Texas Art Exhibitions
Marisol: A Retrospective
February 23–July 25, 2025
Dallas Museum of Art
Jorge Rojas: Coyotek
February 28–July 23, 2025
El Paso Museum of Art
Multidisciplinary artist Jorge Rojas explores borders—both physical and conceptual—through performance, installation, and digital intervention. Coyotek, a fusion of “coyote” and “technology,” reflects his deep engagement with mestizaje and the politics of human movement.

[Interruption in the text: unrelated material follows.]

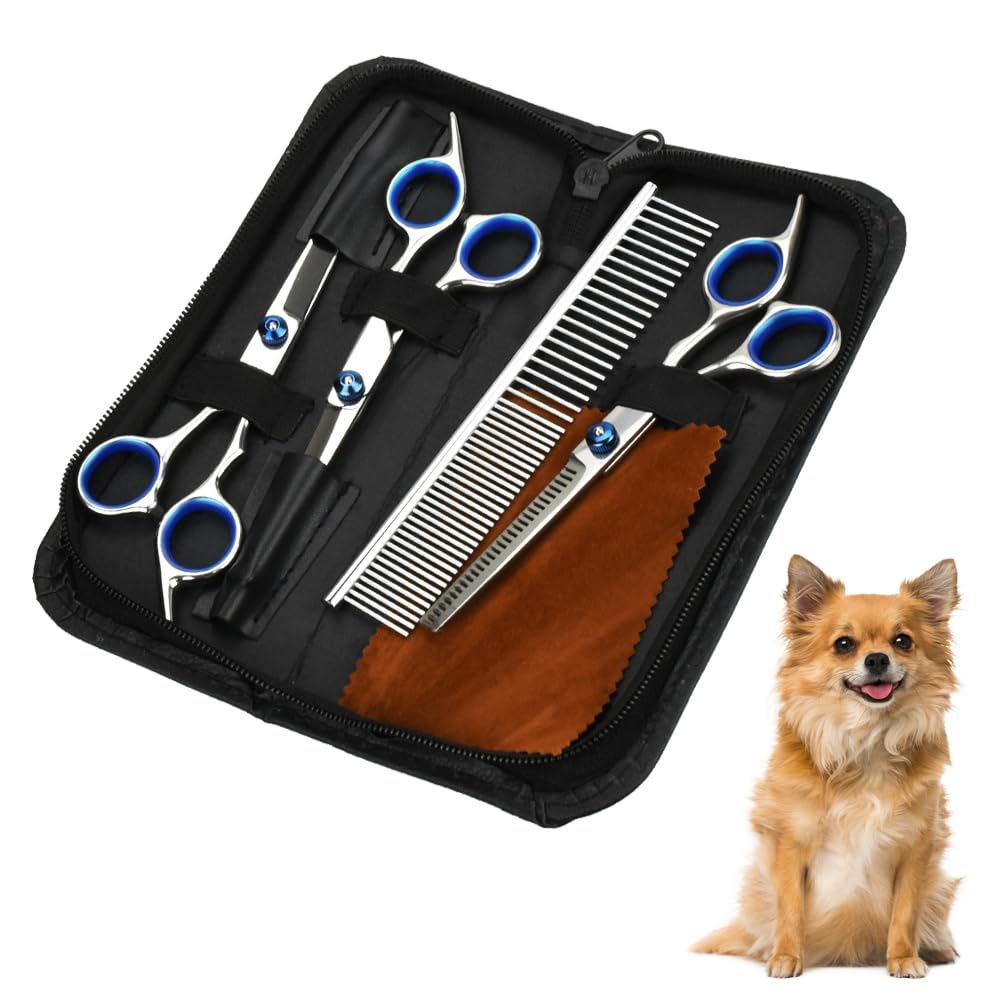 COTEN Pet Grooming Set with Thinning Curved and Easy to Perfect for Beginners Case, Shears, Scissors, Comb, Grip, Sharp,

Michael Tracy: The Elegy of Distance
March 1–July 27, 2025
McNay Art Museum, San Antonio
In a full-circle moment, the McNay Art Museum—home to Michael Tracy’s first museum show in 1971—now hosts the last exhibition he was planning before his recent death at age eighty. The Elegy of Distance features immersive floor-to-ceiling paintings and an original soundscape by composer Omar Zubair.
Utah Art Exhibitions
2025 NCECA Annual: True and Real
March 7–May 31, 2025
Utah Museum of Contemporary Art, Salt Lake City
As technological and societal shifts blur the boundaries between artifice and reality, True and Real explores the enduring power of ceramics to express our humanity. Featuring works by forty artists, this exhibition is part of the National Council on Education for the Ceramic Arts’s 59th annual conference.
In Search of Ourselves: Soviet Art and the Shared Human Spirit
June 18, 2025–May, 2028
Springville Museum of Art
Landing at a strange new moment in Russian-American relations, In Search of Ourselves probes the Springville Museum’s vast collection of Soviet and Russian art for social and cultural bridges between “us” and “them.”